- Born: 8 June 1927 Boryslav
- Died: 23 June 2011 (aged 84) Sydney
- Citizenship: Poland
- Occupation: Author
- Awards: Medal of the order of Australia

= Sabina Wolanski =

Sabina Wolanski, born Sabina Haberman, married Sabina van der Linden-Wolanski (8 June 1927 – 23 June 2011) was a Holocaust survivor and author. Her book Destined to Live: One Woman's War, Life, Loves Remembered is a memoir of her account of her experience of the Holocaust.

==Biography ==
Sabina Haberman, born in Borysław, Austrian partition of Poland (today Ukraine), was 12 years old when her home town in Poland was invaded by the Nazis. In her diary she recorded what happened, including the humiliations and terrors, the murder of her family and her survival. In Borysław, she met the industrialist Berthold Beitz, who had helped shelter Jews in Poland. Leaving Europe after the war, Wolanski began a new life in Australia. In 1967, she gave evidence in a trial in Bremen of Friedrich Hildebrand, the man who had killed her father and brother. While there, she met the daughter of a former Nazi who was researching her own past.

In May 2005, when Germany opened the Memorial to the Murdered Jews of Europe in Berlin, Wolanski was chosen to speak on behalf of the six million dead. In her speech she noted that although the Holocaust had taken everything she valued, it had also taught her that hatred and discrimination are doomed to fail.

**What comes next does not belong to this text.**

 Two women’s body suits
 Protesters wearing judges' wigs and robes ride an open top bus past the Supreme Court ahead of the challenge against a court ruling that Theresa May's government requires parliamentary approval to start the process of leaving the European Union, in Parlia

Her story was profiled on the ABC program Australian Story.

Wolanski died on 23 June 2011 in Sydney, aged 84.

Wolanski supported Sydney-based programs promoting intercultural understanding, including Courage to Care, which teaches schoolchildren to avoid discrimination, and Together for Humanity, a multi-faith charity which encourages inter-faith tolerance and understanding among schoolchildren.